73 Reds Posted February 8 Posted February 8 1 hour ago, investmd said: I'm presuming the AI narrative is the cause for drop in price of software companies ytd? Large cap companies like Microsoft, Salesforce, Adobe, Intuit all down approximately 25% in first 5 weeks of 2026. How come this board isn't writing more about buying at these prices? Pick individual stocks or buy a basket of software stocks that have been beaten down. Is there a separate thread on topic of blood bath in software stocks? Candidly would be a bit disappointed if Berkshire did not initiate a position in MSFT. Hard to find a better manager than Satya Nadella and there should no longer be any perceived conflict of interest with Gates and his prior relationship with Buffett.
Malmqky Posted February 8 Posted February 8 10 minutes ago, 73 Reds said: Candidly would be a bit disappointed if Berkshire did not initiate a position in MSFT. Hard to find a better manager than Satya Nadella and there should no longer be any perceived conflict of interest with Gates and his prior relationship with Buffett. +1
UK Posted February 8 Posted February 8 35 minutes ago, 73 Reds said: Candidly would be a bit disappointed if Berkshire did not initiate a position in MSFT. Hard to find a better manager than Satya Nadella and there should no longer be any perceived conflict of interest with Gates and his prior relationship with Buffett. Good manager would not solve MSFT risks with its software and Open AI exposure. I am not saying these ar sure thing risks, but I personally would be disappointed, if they bought MSFT, instead of adding to GOOGL.
Spekulatius Posted February 8 Posted February 8 (edited) MSFT also has a risk of getting disrupted. Lot’s of their software isn’t really that good. Software like SharePoint to me looks like it’s ripe for disruption. THeir OpenAI partnership has yielded very little other the lousy Copilot.
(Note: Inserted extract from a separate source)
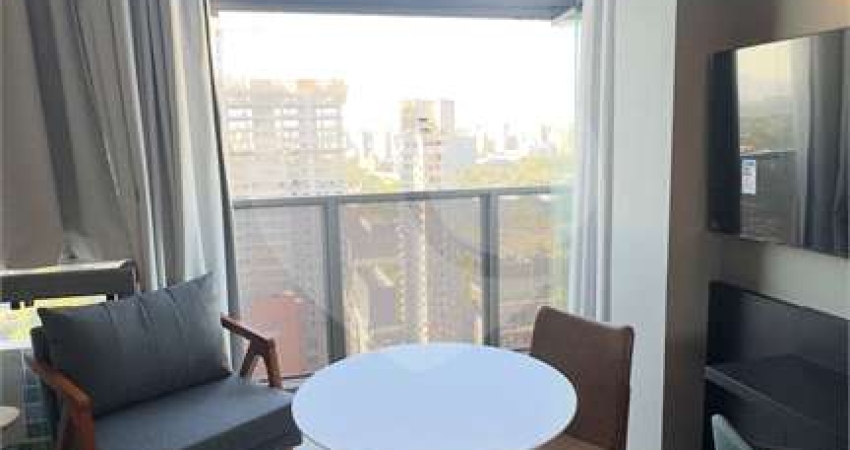 Kitnet / Stúdio à venda na Alameda dos Arapanés, 195, Moema, São Paulo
At least their cloud business is doing very well , but that’s also tied to OpenAI. I think MSFT and Google have high disruption risk but they are leading the charge to disrupt themselves. This is preferable to being passive but not without risk either. Edited February 8 by Spekulatius
Eng12345 Posted February 9 Posted February 9 6 hours ago, Spekulatius said: MSFT also has a risk of getting disrupted. Lot’s of their software isn’t really that good. Software like SharePoint to me looks like it’s ripe for disruption. THeir OpenAI partnership has yielded very little other the lousy Copilot. At least their cloud business is doing very well , but that’s also tied to OpenAI. I think MSFT and Google have high disruption risk but they are leading the charge to disrupt themselves. This is preferable to being passive but not without risk either. Hasn't sharepoint already in essence been disrupted by onedrive?
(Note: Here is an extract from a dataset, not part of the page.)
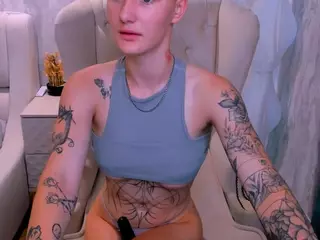 LindaBryantt's Live Sex Cam Show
Spekulatius Posted February 9 Posted February 9 (edited) 1 hour ago, Eng12345 said: Hasn't sharepoint already in essence been disrupted by onedrive? Sharepoint is used for business processes similar to Lotus Notes, which was actually better at this sort of things. So the answer is no. Onedrive and sharepoint are different and there isn’t much overlap. Edited February 9 by Spekulatius
MungerWunger Posted February 9 Posted February 9 https://www.techinvestments.io/p/the-bull-case-for-software-asml-credo
Milu Posted February 9 Posted February 9 7 hours ago, UK said: Lots on software: I only heard of this guy a couple of weeks ago but starting to like him as he seems to have a very similar viewpoint on bitcoin and SAAS as I do.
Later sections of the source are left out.